Biomolecular Stability and Clinical Translation of DNA-based Nanomaterials.

The emerging field of DNA nanotechnology is one of the most promising nano-engineering methods with impact ranging from nano-rulers, logic-gated therapeutics and in-situ transcription devices. Unfortunately, the technology is limited by general stability, charge and unknowns on intracellular fate. With ERC Starting Grant InActioN, aiming to push DNA as functional therapeutic material, I took a deep dive into exploring the engineering parameters that affect the clinical cell-material interface. Following pioneering work on the biostability challenges during my postdoc [N. Ponnuswamy, 2017],

I continued to mark our position as experts of cellular uptake of DNA origami through exploring the effects of nanogeometry and surface parameters [M.M. Koga, 2022].

I have been invited to write in-depth reviews and book chapters on this topic [H. Bila, 2019].

Our contributions to the field have been widely recognized and the strategies adopted as experimental common practice. My efforts have allowed DNA to become a serious candidate for solving clinical challenges and future therapeutic applications [J. Weiden, 2021].

MEDUSA: Multivalent Evolution of DNA-based Supramolecular Assemblies.

Many viral surface proteins are homo-oligomers that present multiple binding sites in a defined spatial geometry.
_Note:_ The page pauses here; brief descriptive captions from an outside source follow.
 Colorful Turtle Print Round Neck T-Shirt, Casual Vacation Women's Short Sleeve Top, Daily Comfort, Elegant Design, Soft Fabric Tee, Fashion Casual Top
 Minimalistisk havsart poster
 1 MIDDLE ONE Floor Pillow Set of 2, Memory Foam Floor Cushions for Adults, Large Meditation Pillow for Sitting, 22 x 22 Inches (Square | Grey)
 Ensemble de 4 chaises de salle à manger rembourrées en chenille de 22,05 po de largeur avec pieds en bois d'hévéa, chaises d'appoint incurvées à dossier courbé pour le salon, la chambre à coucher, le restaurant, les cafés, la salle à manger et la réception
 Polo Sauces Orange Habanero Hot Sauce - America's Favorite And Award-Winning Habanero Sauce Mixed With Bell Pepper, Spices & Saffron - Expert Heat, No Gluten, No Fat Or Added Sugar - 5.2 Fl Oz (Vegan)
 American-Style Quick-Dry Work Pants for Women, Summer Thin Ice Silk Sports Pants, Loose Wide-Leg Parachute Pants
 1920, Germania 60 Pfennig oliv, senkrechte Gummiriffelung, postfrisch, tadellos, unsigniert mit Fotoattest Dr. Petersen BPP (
Remarkably, to identify new clinical binders, affinity-enrichment techniques, mainly SELEX (Systematic Evolution of Ligands by Exponential Enrichment), use a monovalent library of potential binders. Unfortunately, monovalent binders often lose their efficacy when multimerized on nanoparticles, yielding non-functional interactions and a need to up dosage for a desired therapeutic outcome, risking side-effects and/or toxicity. Building on my expertise on geometrically-controlled multivalent nanomaterials, I developed a method that capitalizes on a target-defined valency and pattern. The (patented) MEDUSA technology [A. Kononenko, 2025] includes a modular target-tailored central scaffold in the pool of candidate-binders prior to affinity selection.
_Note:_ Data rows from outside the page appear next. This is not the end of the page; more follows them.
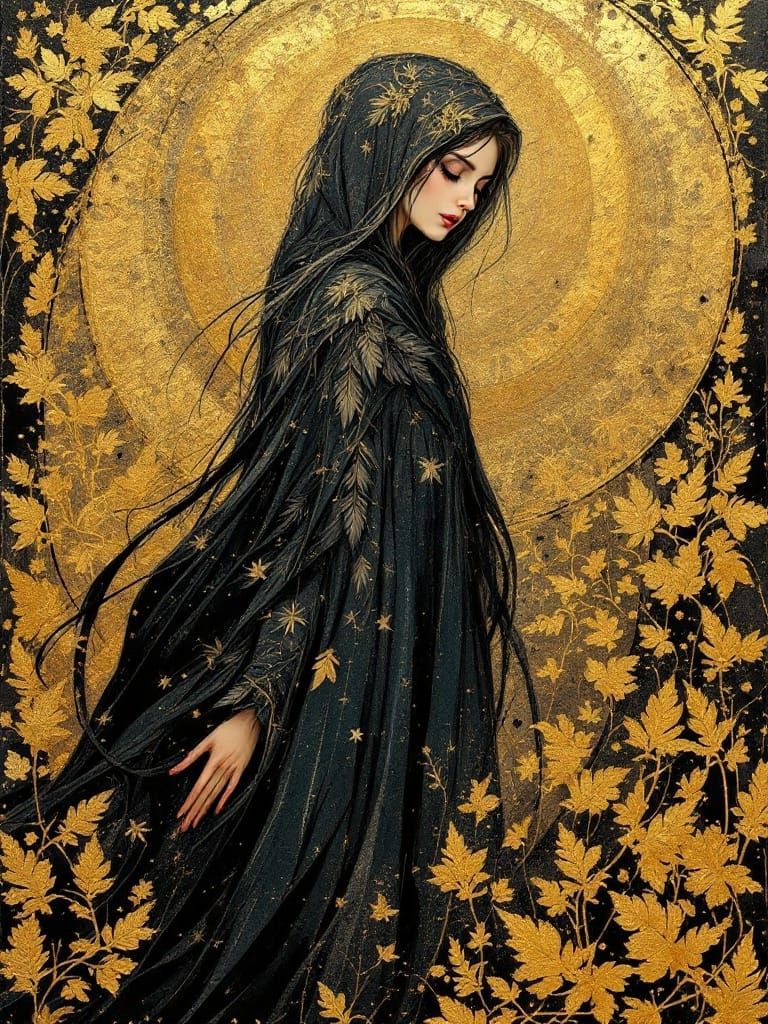 Feathered Crone Collage in Tintype Style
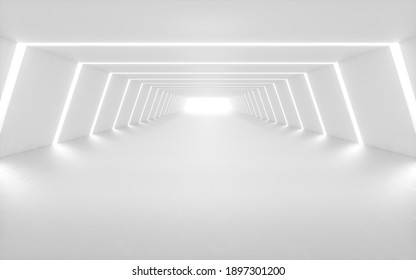 White tunnel and light in the end  3d rendering  Computer digital drawing 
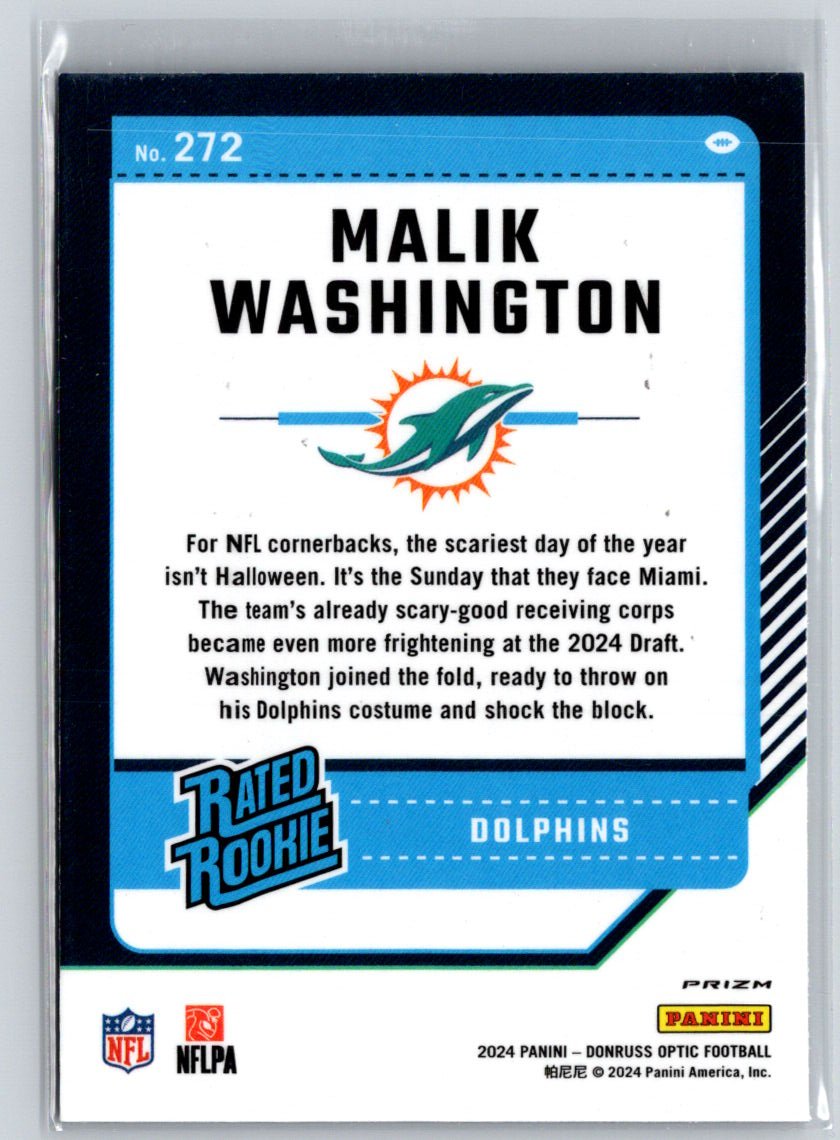 2024 Donruss Optic #272 Malik Washington Blue Hyper P44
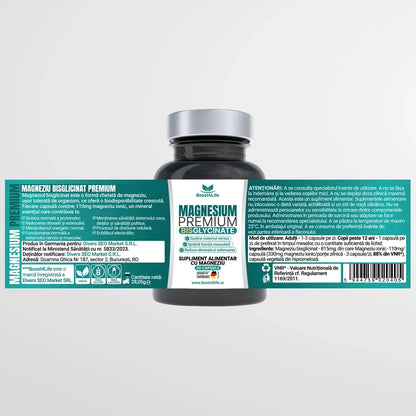 Magneziu Bisglicinat Premium, 30 capsule vegane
Binders will therefore evolve directly in the context of target-matching multivalent patterns, which strongly augments their cooperativity and selectivity. Our technology leverages the natural paradigm of molecular co-evolution within multivalent assemblies to create a simple and tuneable platform for discovering multivalent nucleic acid-based binders that cannot be obtained through monovalent SELEX, to any new clinically relevant multivalent target.